# Kp45



## Linux3 (Nov 14, 2008)

First I bought a PM9. It failed to load a couple of times during the first 50 or so rounds but has been rock solid for the next 500 or so.
I liked it so much that when I started looking for something in a little bigger caliber I bought a KP4543.
I don't have to slingshot the first round to get it to load like with the PM9 and it's very accurate and easy to carry. I like it a lot but. The slide stop is real real hard to remove. The PM9 slide stop took some tapping on the back for the first 200 rounds or so and now it disassembles quite easily, no tools required. The KP45 requires that I tap the back of the slide stop and then use a flat blade to pry it out. Even after 400 rounds it takes tools to strip it down for cleaning.
Anybody else have this problem?
When I sent email to Kahr support about it I just got some bland "Different models require different break in periods" no help answer.


----------



## Bisley (Aug 24, 2008)

I have owned three Kahrs and they were all a little different. The PM-9 and the P-45 were very stiff for a while, but if I lined the marks up, I could always push the pin out with the corner of the magazine base.

The K-9 I have now is older and has many more rounds through it than either of the other two, but I still have to give it a sharp tap with a plastic hammer or screwdriver handle, at which point it flies out.

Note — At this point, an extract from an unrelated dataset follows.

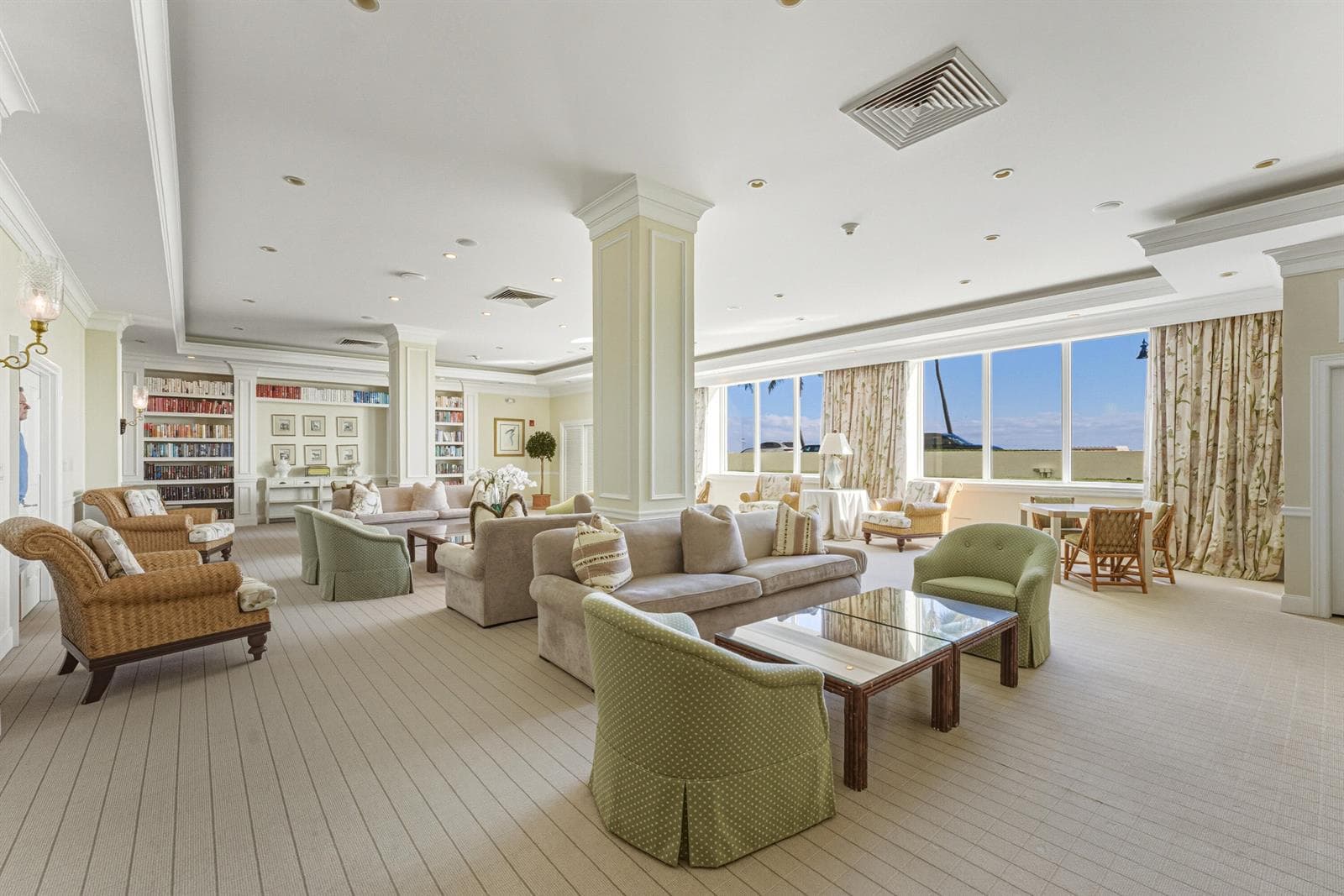 100 Worth Avenue 308 photo 20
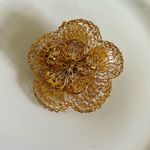 Vintage Mother of Pearl & Gold Tone Wire Flower Pin White Photo 5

I don't worry about it, as long as it comes out, and goes back in.


----------



## Linux3 (Nov 14, 2008)

Linux3 said:


> The KP45 requires that I tap the back of the slide stop and then use a flat blade to pry it out. Even after 400 rounds it takes tools to strip it down for cleaning.
> Anybody else have this problem?
> When I sent email to Kahr support about it I just got some bland "Different models require different break in periods" no help answer.


Just to bring things up to date. After another 300 rounds the slide stop can now be removed without tools so I guess Kahr support was right.
Rock solid, accurate and easy to carry. I like the KP45 as much as my PM9.


----------



## mathewsman (Mar 3, 2008)

i have the same problem with my p45


----------